Well, a recent New York Times article describes how kids no longer walk to school because parents usually drive them. A major factor: fear of abduction, heightened again by the Jaycee Dugard case. As a result, parents sit with their kids in cars at the end of driveways before the bus comes, and parents drive kids to school two blocks away. But those fears seem to be vastly disproportionate. The article reports that about 115 children are kidnapped by strangers each year, while 250,000 kids are injured in car accidents. Which is the greater danger - walking or driving?

Also: In 1969, 41 percent of children either walked or biked to school; by 2001, only 13 percent still did. During the same period, children either being driven or driving themselves to school rose from 20 percent to 55 percent. More than half! No wonder my kids' buses seem so empty.
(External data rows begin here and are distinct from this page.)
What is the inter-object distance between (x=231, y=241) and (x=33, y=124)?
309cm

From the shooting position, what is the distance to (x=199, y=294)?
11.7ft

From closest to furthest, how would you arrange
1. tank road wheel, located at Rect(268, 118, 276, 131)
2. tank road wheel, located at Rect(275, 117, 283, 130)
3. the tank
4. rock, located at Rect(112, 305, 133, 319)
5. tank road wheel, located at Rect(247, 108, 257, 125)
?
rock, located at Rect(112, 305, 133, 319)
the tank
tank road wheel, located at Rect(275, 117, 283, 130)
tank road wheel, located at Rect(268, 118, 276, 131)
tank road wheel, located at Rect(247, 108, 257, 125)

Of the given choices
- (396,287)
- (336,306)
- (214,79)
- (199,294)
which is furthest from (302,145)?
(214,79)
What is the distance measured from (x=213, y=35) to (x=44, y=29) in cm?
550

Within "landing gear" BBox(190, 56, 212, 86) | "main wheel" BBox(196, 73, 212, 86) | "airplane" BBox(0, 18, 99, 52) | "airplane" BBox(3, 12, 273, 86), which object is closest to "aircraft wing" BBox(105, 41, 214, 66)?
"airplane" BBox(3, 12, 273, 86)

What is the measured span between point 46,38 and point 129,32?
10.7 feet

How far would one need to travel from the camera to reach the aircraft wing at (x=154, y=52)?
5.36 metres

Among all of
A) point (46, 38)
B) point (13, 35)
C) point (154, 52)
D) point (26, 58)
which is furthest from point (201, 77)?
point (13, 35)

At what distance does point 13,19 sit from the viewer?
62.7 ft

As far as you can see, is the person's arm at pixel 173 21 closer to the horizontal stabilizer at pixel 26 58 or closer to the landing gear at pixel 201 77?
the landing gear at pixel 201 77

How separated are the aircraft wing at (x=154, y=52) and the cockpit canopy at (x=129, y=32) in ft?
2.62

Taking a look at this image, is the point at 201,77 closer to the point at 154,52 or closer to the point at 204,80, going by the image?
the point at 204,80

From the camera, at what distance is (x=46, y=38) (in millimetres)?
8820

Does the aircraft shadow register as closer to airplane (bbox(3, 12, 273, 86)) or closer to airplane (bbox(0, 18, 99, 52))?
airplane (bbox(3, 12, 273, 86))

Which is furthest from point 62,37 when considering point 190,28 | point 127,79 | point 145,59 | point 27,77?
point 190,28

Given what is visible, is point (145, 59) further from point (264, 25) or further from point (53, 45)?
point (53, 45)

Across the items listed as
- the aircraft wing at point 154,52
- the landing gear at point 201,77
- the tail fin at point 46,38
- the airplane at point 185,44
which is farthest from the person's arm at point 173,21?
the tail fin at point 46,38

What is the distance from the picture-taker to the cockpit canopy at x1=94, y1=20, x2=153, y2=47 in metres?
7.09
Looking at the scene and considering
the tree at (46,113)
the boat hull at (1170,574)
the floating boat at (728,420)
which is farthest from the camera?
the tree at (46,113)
The result? Kids don't get as much exercise, there's more traffic clogging school areas (with the increased risk of car accidents) and we use way more gas than we used to. Protective parents don't let kids play unsupervised, even in their own neighborhoods. And kids lose out on certain aspects of unstructured, exploratory play.

It seems to have become a cultural expectation that kids should not walk alone. The article mentions a 10-year-old who was walking to soccer practice (about a mile), and people who saw him walking alone called 911. A policeman picked him up, drove him the rest of the way, and reprimanded the mother.
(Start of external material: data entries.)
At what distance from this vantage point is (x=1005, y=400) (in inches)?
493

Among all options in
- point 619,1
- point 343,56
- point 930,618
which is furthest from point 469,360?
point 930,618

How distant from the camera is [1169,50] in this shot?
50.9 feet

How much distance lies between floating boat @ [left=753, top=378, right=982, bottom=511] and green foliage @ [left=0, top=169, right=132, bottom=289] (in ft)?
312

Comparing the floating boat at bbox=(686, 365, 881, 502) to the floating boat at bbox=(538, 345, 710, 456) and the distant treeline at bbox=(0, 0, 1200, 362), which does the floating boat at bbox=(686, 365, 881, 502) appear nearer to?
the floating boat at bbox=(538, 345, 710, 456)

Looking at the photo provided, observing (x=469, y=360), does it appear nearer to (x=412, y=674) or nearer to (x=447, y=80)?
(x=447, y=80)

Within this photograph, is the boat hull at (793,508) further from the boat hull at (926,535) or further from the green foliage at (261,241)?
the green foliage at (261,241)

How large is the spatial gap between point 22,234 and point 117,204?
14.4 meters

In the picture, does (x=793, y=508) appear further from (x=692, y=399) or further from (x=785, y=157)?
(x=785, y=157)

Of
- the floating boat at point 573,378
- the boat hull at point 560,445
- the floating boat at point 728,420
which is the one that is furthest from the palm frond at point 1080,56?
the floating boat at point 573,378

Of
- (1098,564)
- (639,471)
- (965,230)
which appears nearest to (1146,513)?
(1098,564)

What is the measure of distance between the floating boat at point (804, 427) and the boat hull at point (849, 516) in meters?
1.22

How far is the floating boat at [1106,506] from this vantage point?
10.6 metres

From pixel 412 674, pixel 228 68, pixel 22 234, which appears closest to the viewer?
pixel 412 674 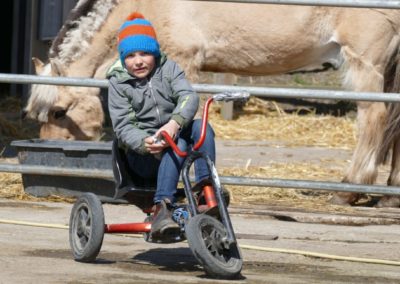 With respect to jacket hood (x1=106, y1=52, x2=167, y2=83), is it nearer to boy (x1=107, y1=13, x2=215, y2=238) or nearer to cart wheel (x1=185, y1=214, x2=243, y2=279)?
boy (x1=107, y1=13, x2=215, y2=238)

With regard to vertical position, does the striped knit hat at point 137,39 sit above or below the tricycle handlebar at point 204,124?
above

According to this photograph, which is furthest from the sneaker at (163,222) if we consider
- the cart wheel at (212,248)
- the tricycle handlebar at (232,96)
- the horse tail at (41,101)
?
the horse tail at (41,101)

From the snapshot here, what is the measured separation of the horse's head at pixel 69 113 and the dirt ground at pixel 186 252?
1.46 m

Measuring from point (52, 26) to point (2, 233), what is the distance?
6737 millimetres

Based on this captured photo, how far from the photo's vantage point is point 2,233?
5797 mm

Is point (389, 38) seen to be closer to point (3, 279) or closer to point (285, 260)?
point (285, 260)

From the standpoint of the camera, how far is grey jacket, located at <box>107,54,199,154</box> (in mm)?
5070

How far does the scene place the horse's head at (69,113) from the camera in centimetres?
826

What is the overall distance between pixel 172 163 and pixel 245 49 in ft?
11.2

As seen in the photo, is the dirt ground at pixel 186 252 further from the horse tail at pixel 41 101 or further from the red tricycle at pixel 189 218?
the horse tail at pixel 41 101

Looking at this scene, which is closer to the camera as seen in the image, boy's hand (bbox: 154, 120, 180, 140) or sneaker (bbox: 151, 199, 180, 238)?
sneaker (bbox: 151, 199, 180, 238)

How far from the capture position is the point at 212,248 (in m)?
4.62

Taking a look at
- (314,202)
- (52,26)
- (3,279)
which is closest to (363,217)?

I think this article highlights how much commuter culture has shaped our modern practices. The geography of our neighborhoods, especially in the suburbs, is designed for cars, so our default setting is to drive everywhere. We don't even think of walking anymore. Now it has become a countercultural act to let our kids to walk to school.

6 comments:

chrisblackstone said...

Al,

A great counter to driving kids to school would be parents walking with their kids to school. Not only would it probably be safer than a child walking alone, it would provide great opportunities for parents to spend time with their children.

Al Hsu said...

Yep, great comment, Chris. The article mentions the idea of the "walking school bus" where groups of kids and parents walk to school together.

chris wignall said...

Well said Al; but the comparison of abduction and traffic accident statistics fails to express the dramatic difference in consequences between the two.
As a dad I'm torn between the nostalgic freedom of my childhood and the sense of responsibility and fear for the well-being of my three kids

Micheal said...

My wife and I just had a conversation about this very topic. We live less than a mile from our children's school, but the school actually has a policy against letting children from our side of the road walk to school, because they would have to cross a busy highway. I asked about crossing guards, and the response was, "No one walks to school, so why should we have crossing guards." Talk about chicken & egg!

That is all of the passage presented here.